À l'intérieur, on pénètre sous le clocher par une petite porte en plein cintre ; le bas-côté sud compte trois travées si l'on considère le clocher, et des éléments romans indiquent que la façade primitive ne dépassait probablement pas le mur oriental du clocher. L'abside présente une voûte en cul-de-four et des travées droites voûtées en berceau brisé sur doubleaux en appareil régulier ; une grande arcade de communication relie l'abside à la nef. Les vitraux contemporains datent de 1968.

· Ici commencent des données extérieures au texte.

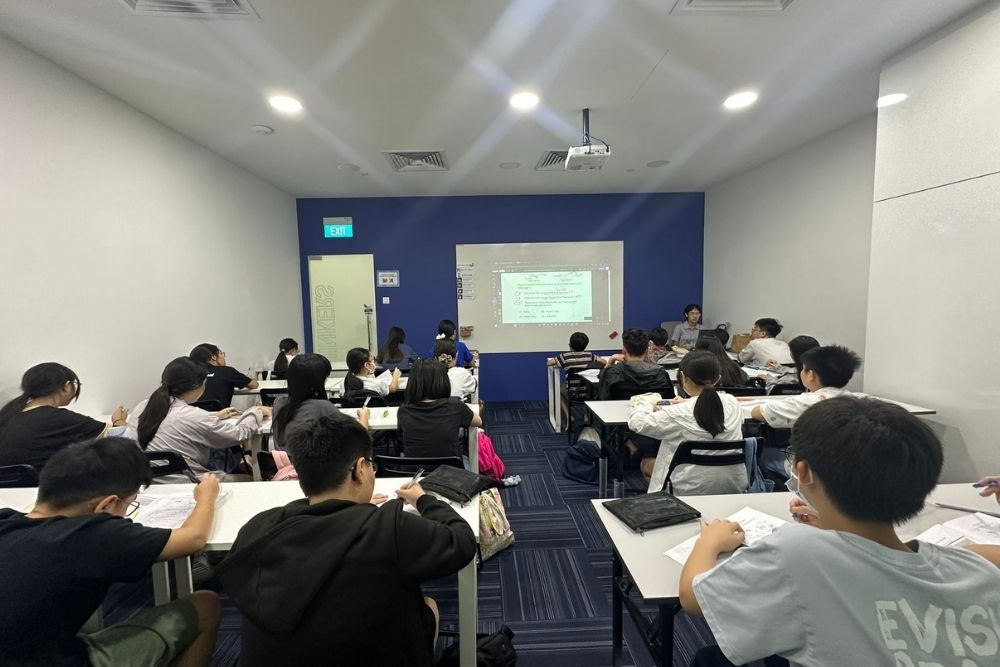 children-in-tuition-class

La sculpture romane de l'église relève de deux phases distinctes, XIe siècle et fin XIIe–début XIIIe siècle. Les chapiteaux des quatre grands piliers de la nef appartiennent au XIe siècle et se caractérisent par des corbeilles allongées aux angles abattus et des décors souvent géométriques ou schématiques, avec stries, volutes simplifiées et animaux affrontés. Quelques chapiteaux datent de la reconstruction du chœur et de l'abside à la fin du XIIe siècle et ornent l'arcade romane en plein cintre qui séparait primitivement le chœur des collatéraux. Certains chapiteaux de la nef ont été mutilés lors de l'installation de la chaire ; le chapiteau le plus travaillé présente des scènes figurées avec quadrupèdes, oiseaux et feuillages, tandis que d'autres corbeilles du chœur et de l'abside offrent des motifs de feuilles d'eau, d'astéries et de têtes humaines.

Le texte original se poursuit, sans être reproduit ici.